La Cour de cassation a cassé cet arrêt de la cour d’appel en estimant que la faute ayant été commise dans une enceinte sportive et par un joueur, constitue forcément une infraction aux règles du jeu.

  1. Une infraction pénale indissociable de l’activité sportive

La Cour de cassation en donnant sa décision, insiste bien sur le fait que l’agression d’un arbitre même produite à l’issue d’une rencontre et par un joueur préalablement exclu du match constitue une infraction aux règles du jeu.

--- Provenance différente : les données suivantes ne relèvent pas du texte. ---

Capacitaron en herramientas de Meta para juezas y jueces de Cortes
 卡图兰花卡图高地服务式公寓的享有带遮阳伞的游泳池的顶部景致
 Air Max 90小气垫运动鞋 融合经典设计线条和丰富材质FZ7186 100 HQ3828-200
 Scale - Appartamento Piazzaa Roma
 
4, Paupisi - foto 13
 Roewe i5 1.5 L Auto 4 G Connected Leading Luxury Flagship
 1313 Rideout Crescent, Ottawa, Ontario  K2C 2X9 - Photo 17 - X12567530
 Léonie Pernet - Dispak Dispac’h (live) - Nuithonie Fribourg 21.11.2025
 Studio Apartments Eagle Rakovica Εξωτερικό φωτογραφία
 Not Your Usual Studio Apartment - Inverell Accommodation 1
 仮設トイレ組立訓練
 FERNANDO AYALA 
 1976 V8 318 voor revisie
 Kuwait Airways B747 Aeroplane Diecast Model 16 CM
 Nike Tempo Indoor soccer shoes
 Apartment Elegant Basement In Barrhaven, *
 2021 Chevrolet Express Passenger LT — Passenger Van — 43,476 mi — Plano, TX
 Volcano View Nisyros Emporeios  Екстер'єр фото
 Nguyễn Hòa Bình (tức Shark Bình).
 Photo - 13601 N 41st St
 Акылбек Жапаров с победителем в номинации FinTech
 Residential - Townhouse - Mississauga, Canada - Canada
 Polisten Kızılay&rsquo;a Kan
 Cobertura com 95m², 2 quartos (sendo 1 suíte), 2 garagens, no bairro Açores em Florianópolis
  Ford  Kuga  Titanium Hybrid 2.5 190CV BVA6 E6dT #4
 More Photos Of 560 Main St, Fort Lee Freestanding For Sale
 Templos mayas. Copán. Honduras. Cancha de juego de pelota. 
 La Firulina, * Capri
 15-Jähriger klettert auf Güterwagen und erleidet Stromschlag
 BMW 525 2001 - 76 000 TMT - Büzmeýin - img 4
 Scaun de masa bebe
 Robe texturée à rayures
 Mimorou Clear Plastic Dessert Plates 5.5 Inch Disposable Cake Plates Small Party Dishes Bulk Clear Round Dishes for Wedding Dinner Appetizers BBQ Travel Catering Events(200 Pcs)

L’action d’agresser une personne caractérise une infraction pénale que la Cour de cassation rend indissociable de l’activité sportive à l’issue de laquelle elle s’est déroulée. En effet, le joueur a été exclu du jeu pour une violation des règles du jeu et c’est à l’issue du match qu’il est venu agresser l’arbitre. Mais la Cour de cassation déclare que l’exclusion du joueur par l’arbitre au cours du match pour une violation des règles du jeu est bien la cause par ricochet du dommage car c’est ce qui a entrainé le joueur à venir agresser l’arbitre à la fin du match. La Cour de cassation précise sa décision en observant que le lieu de l’agression est bien le lieu de la rencontre : l’enceinte sportive. Le fait que l’agression ait eu lieu à la fin du match n’empêche pas de qualifier la faute comme une violation caractérisée des règles du jeu. C’est donc bien dans la cadre de l’activité sportive que l’agression a eu lieu et la faute contrevient aux règles du jeu.